• Problem to solve:
Each record should be given again exactly, and any picture in it left out.

• Records for this task:
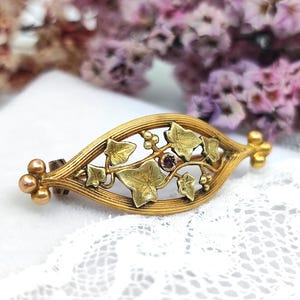 Puede incluir: Un broche vintage dorado con un intrincado diseño de hojas y bayas. El broche presenta hojas de hiedra detalladas y pequeñas bayas, con una pequeña gema roja redonda en el centro. El broche se encuentra sobre un fondo suave y borroso.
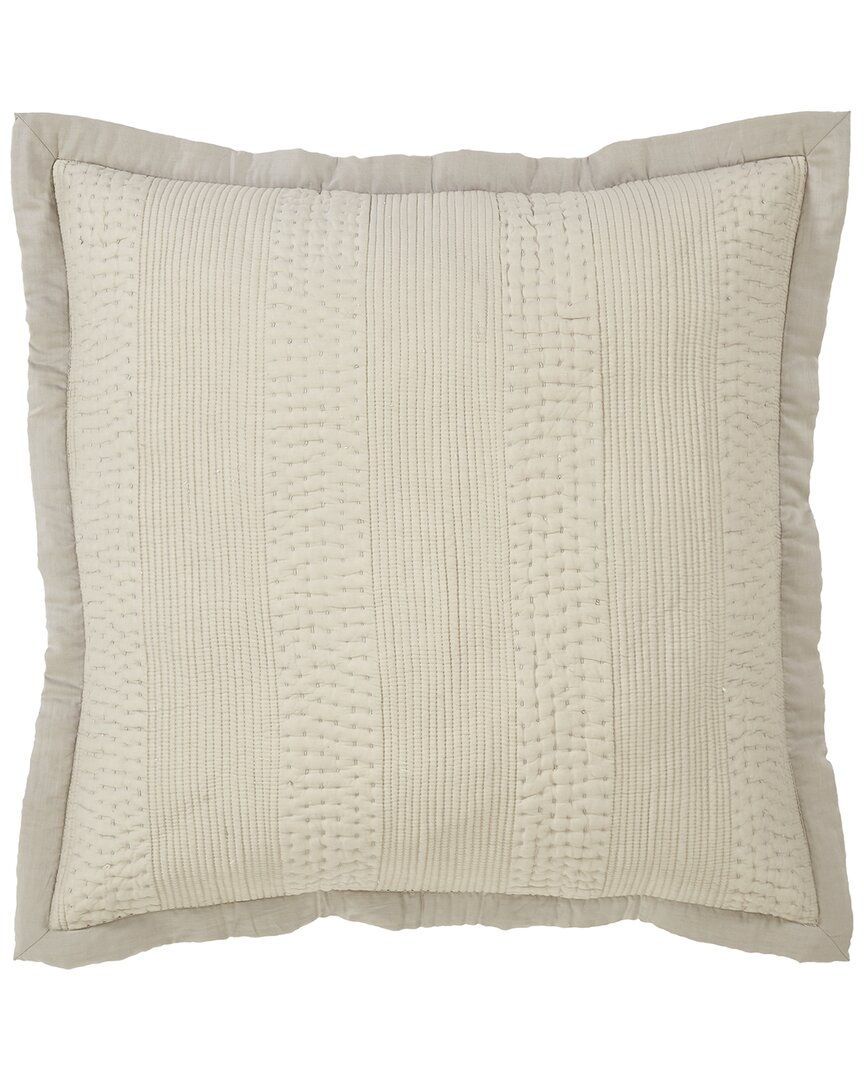 Orchids Lux Home Laysan Channel Quilted Cotton Coverlet Euro Sham In Neutral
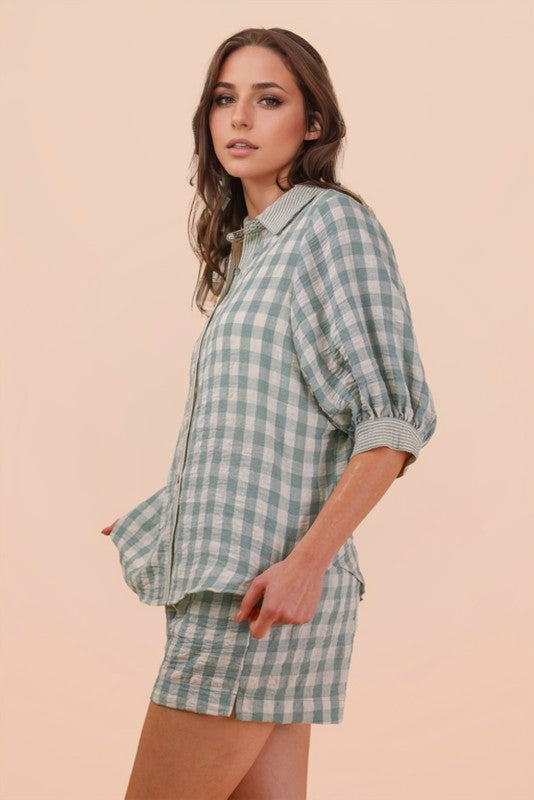 Mint Gingham Short Set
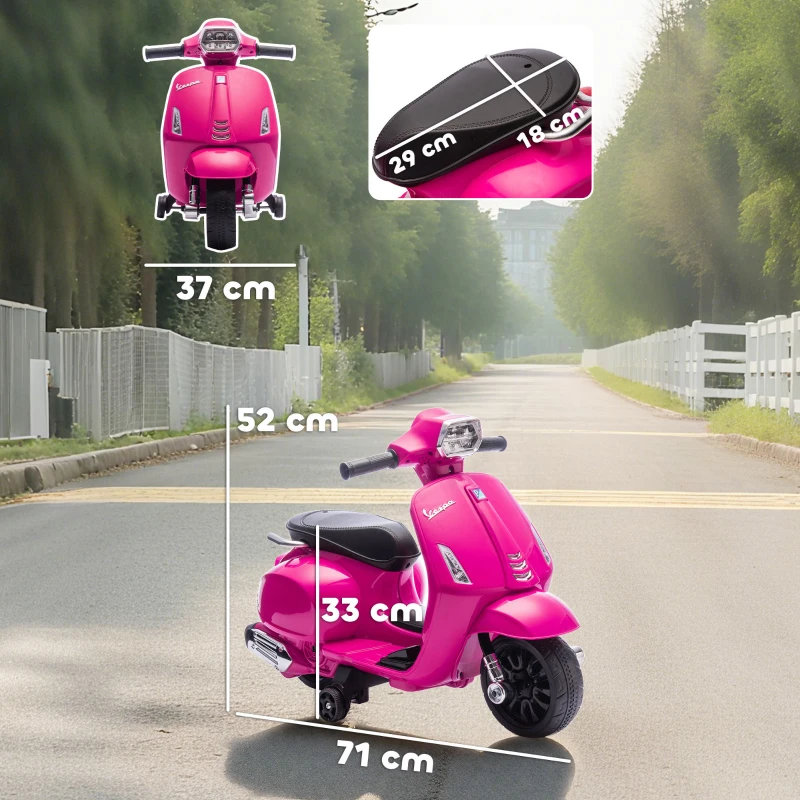 AIYAPLAY Moto Eléctrica para Niños de 2-6 Años con Batería 6V Faro Bocina y Ruedas Auxiliares Rosa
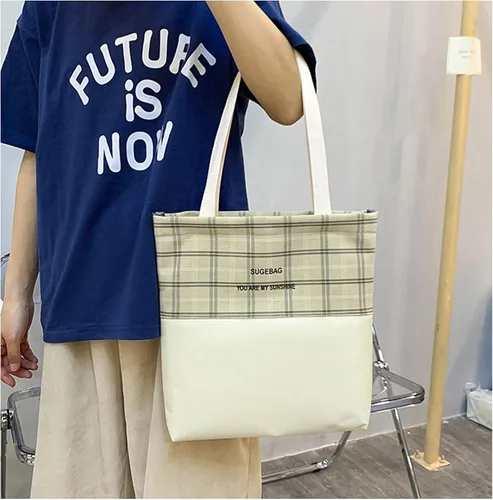 Vista 3 de Hopecn Juego de 5 mochilas kawaii a cuadros para mujer, bonita bolsa estética verde salvia, mochila escolar para mayores de 6 años.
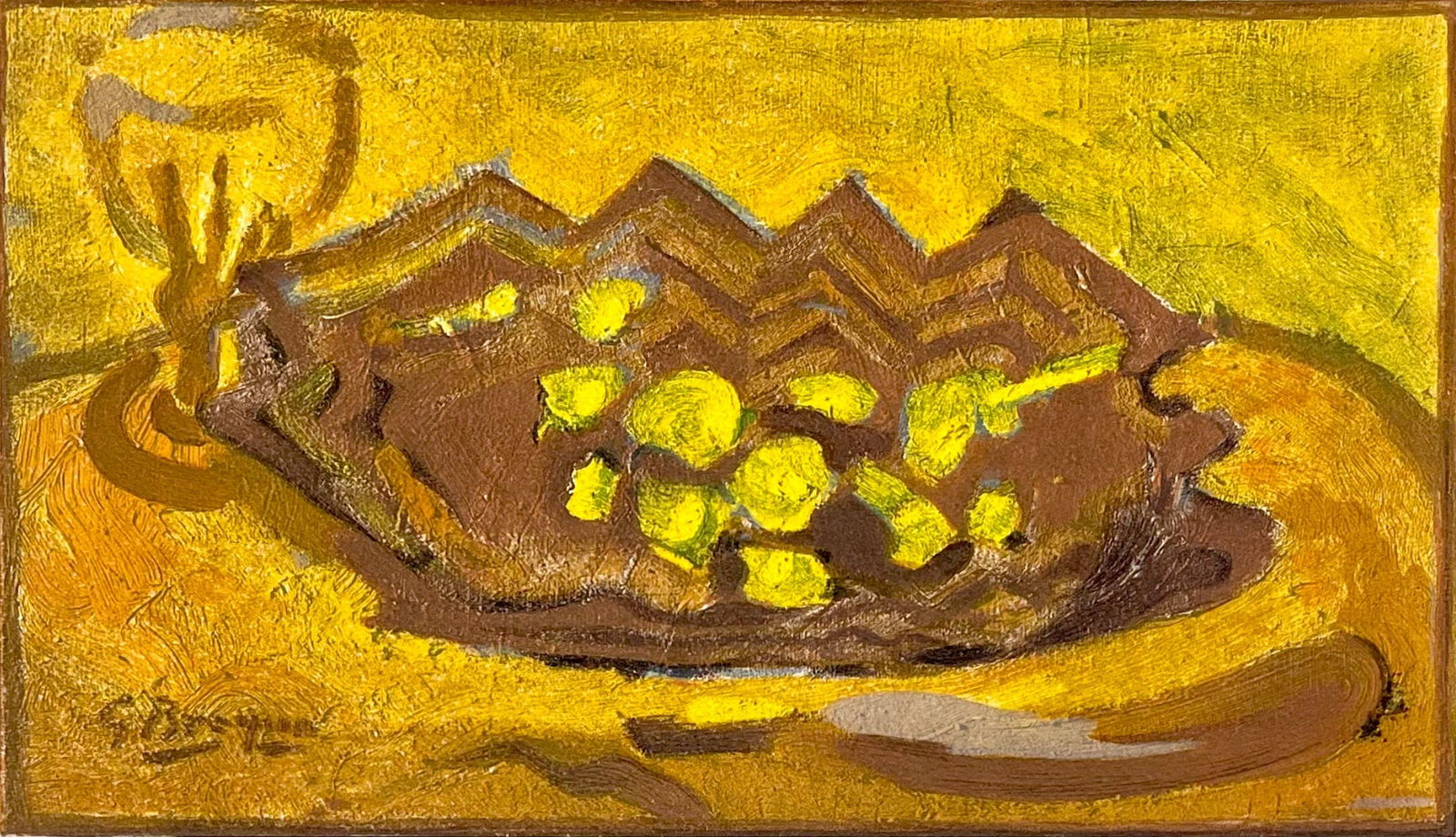 Georges Braque, La petite corbeille, Une Aventure Methodique: Lithograph on velin d'Arches paper. Inscription: Unsigned and unnumbered. Good condition. Notes: From the folio, Une Aventure methodique, 1950; published by Fernand Mourlot, Paris, and Andre Sauret, P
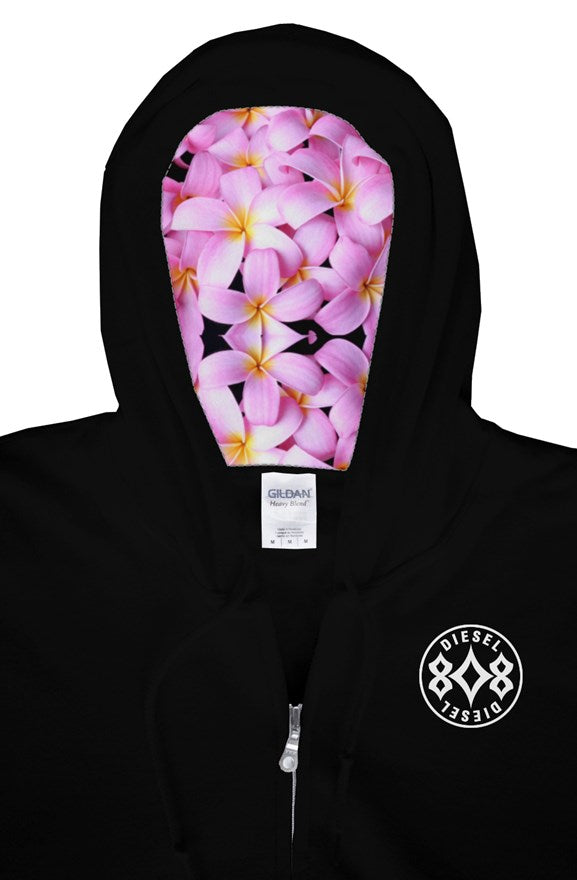 Pink Plumeria Gildan Zip Hoodie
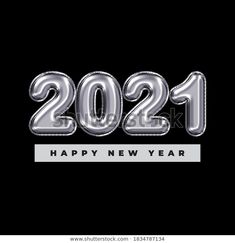 happy new year 2021 with chrome balloons in the shape of numbers on a black background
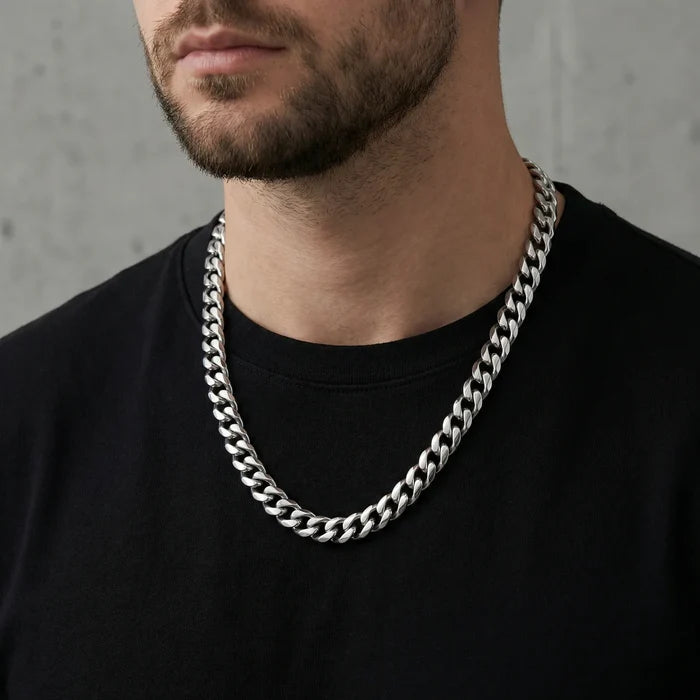 Men's Stainless Steel 14mm Chain Necklace - 22 Inch (Silver-Gold-Black)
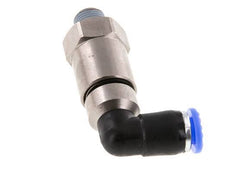 coude 6mm & R1/8'' Joint rapide pivotant Filets mâles Push-In Laiton nickele/PBT NBR Rotatif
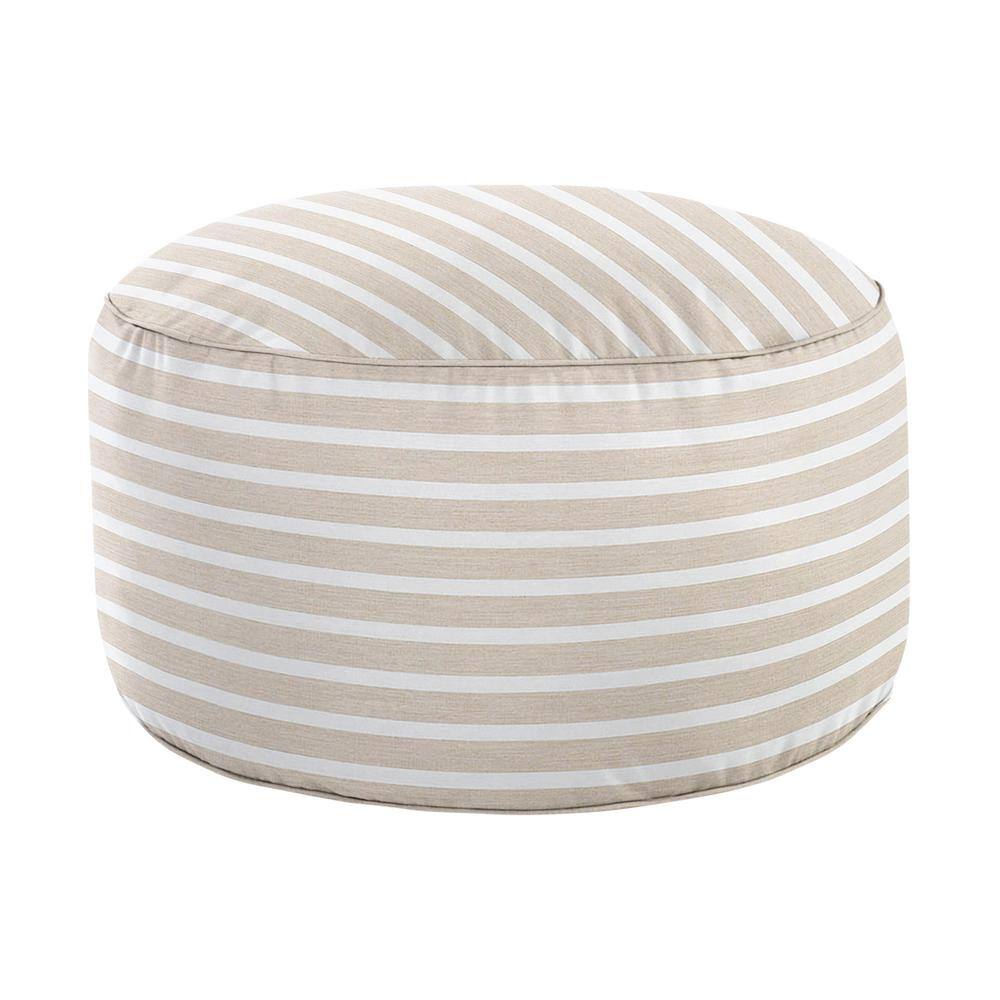 1101Design 30 in. x 30 in. x 15 in. Sunbrella Shore Linen Stripe Round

• Solution to the problem:
 Puede incluir: Un broche vintage dorado con un intrincado diseño de hojas y bayas. El broche presenta hojas de hiedra detalladas y pequeñas bayas, con una pequeña gema roja redonda en el centro. El broche se encuentra sobre un fondo suave y borroso.
 Orchids Lux Home Laysan Channel Quilted Cotton Coverlet Euro Sham In Neutral
 Mint Gingham Short Set
 AIYAPLAY Moto Eléctrica para Niños de 2-6 Años con Batería 6V Faro Bocina y Ruedas Auxiliares Rosa
 Vista 3 de Hopecn Juego de 5 mochilas kawaii a cuadros para mujer, bonita bolsa estética verde salvia, mochila escolar para mayores de 6 años.
 Georges Braque, La petite corbeille, Une Aventure Methodique: Lithograph on velin d'Arches paper. Inscription: Unsigned and unnumbered. Good condition. Notes: From the folio, Une Aventure methodique, 1950; published by Fernand Mourlot, Paris, and Andre Sauret, P
 Pink Plumeria Gildan Zip Hoodie
 happy new year 2021 with chrome balloons in the shape of numbers on a black background
 Men's Stainless Steel 14mm Chain Necklace - 22 Inch (Silver-Gold-Black)
 coude 6mm & R1/8'' Joint rapide pivotant Filets mâles Push-In Laiton nickele/PBT NBR Rotatif
 1101Design 30 in. x 30 in. x 15 in. Sunbrella Shore Linen Stripe Round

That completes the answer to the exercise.